My parents have an 02 Toyota Sienna Symphony, it came with factory JBL speakers, and over the years of wear and tear, the front door woofer speakers got blown out, and now instead of hearing bass, I hear deafening and teeth-shattering RATTLING  The front treble/mid speakers and rear speakers work fine though, so I'm sure it's not the amp.

I have a VERY bad feeling that the dealer will SCREW me over if I went to them for repairs/replacements, so I was wondering if I could do this myself by buying matching pairs of these speakers for cheap and install them myself if it's not too hard/expensive? I read online that those are 30W 6.5 inch 2ohm speakers, want to double check if I'm correct!

I also noticed the door has no panels or screws for the speaker cover, which means I probably have to take apart the whole door? Would be a big hassle, and if prices and circumstances don't allow, then I might as well forget it.

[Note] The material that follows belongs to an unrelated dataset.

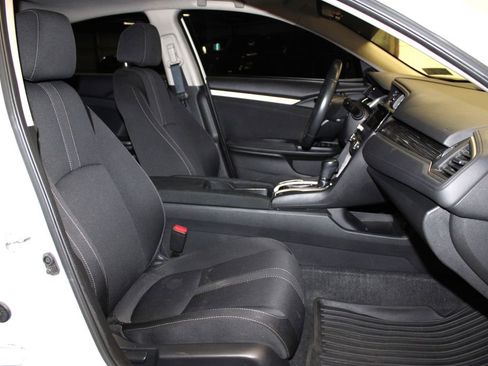 Used 2019 Honda Civic EX image 31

I'd love to hear your advice, thanks a lot!!

Raptor22


----------



## ravian69 (Aug 25, 2009)

Did you get a response to your question on speaker replacement?


----------



## Raptor22 (Apr 11, 2007)

I have this taken care of... quite an old topic and awhile ago! Thanks.


----------



## lcurle (Oct 5, 2008)

why you bringing up old stuff???


----------



## triciam888 (Oct 26, 2010)

Raptor22 said:


> Hello,
> 
> My parents have an 02 Toyota Sienna Symphony, it came with factory JBL speakers, and over the years of wear and tear, the front door woofer speakers got blown out, and now instead of hearing bass, I hear deafening and teeth-shattering RATTLING  The front treble/mid speakers and rear speakers work fine though, so I'm sure it's not the amp.
> 
> ...


----------



## triciam888 (Oct 26, 2010)

Have a 2002 Toyota Sienna....i am original owner...my lovely daughter blow out my driver's side front door woofer speaker....we have now cut all the bass out of my audio system to get rid of RATTLING....no bass is not acceptable to any true musician... so how did you solve your problem or how do I find such an old post with the answer? ...definitely not taking van into dealership or audio place... have someone who can take apart the door....


----------